The search for a missing aircraft that was carrying Cardiff City footballer Emiliano Sala has resumed.
The Argentine striker, 28, was one of two people on board the plane which lost contact off Alderney in the Channel Islands on Monday night.
Sala reportedly sent a WhatsApp voice message to family, saying he was "really scared".
Media in Argentina reported that he said: "I'm on a plane that looks like it's going to fall apart."
Five aircraft and two lifeboats scoured more than 1,000 sq miles for traces of the Piper Malibu plane on Tuesday.
And the search continued from first light on Wednesday.
Guernsey Police tweeted: "Two planes are taking off and will search a targeted area we believe has the highest likelihood of finding anything, based on review of the tides and weather since it went missing."
Sala was heading to the Welsh capital after signing for the Bluebirds from French club Nantes in a £15m deal.
Cardiff's chief executive said the club had been left in "shock".
Air and sea crews from the Channel Islands, France and the UK took part in a 15-hour search on Tuesday, but found no trace of the aircraft or its occupants.
Guernsey Police was not able to confirm if floating objects seen belonged to the aircraft and warned that chances of passenger survival were "slim".
"We have found no signs of those on board," the force tweeted. "If they did land on the water, the chances of survival are at this stage, unfortunately, slim."
Sala's father Horacio told Argentine TV channel C5N he was "desperate".
On Tuesday night, football fans in Nantes laid flowers at a fountain as a tribute to Sala and the plane's pilot.
After joining in 2015, he had scored 48 goals for the Ligue 1 side.
French sports newspaper L'Equipe carried the news of Sala's plight on its front page on Wednesday with the headline: "The disappearance of a warrior".

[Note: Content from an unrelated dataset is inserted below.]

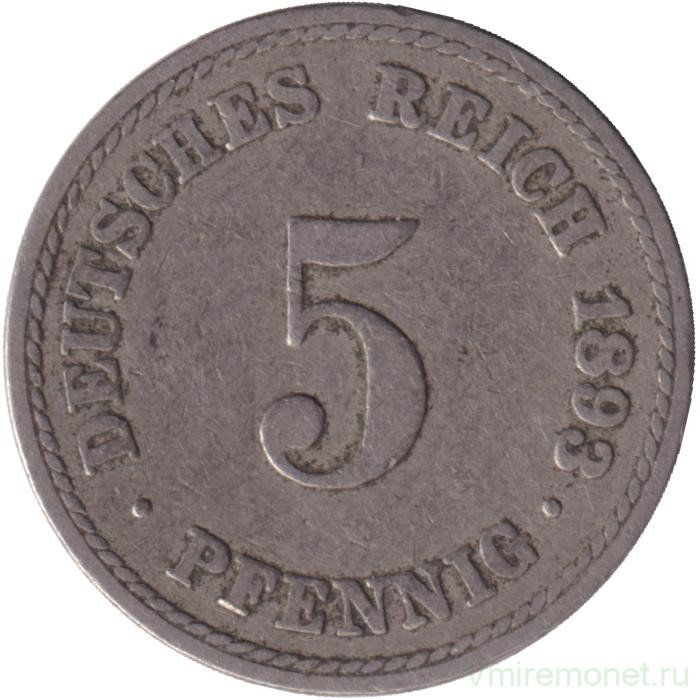 Монета. Германская империя. 5 пфеннигов 1893 год. (A).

It wrote: "In Nantes, the wait has been unbearable for the supporters of a forward loved for his battling qualities."
Nantes fans gathered in the city to pay tribute to their former striker
Map showing location of Alderney and lighthouse
The single-turbine engine plane left Nantes, in north-west France, at 19:15 on Monday and had been flying at 5,000ft when it contacted Jersey air traffic control requesting descent.
It lost contact while at 2,300ft and disappeared off radar near the Casquets lighthouse, infamous among mariners as the site of many shipwrecks, eight miles (13km) north-west of Alderney.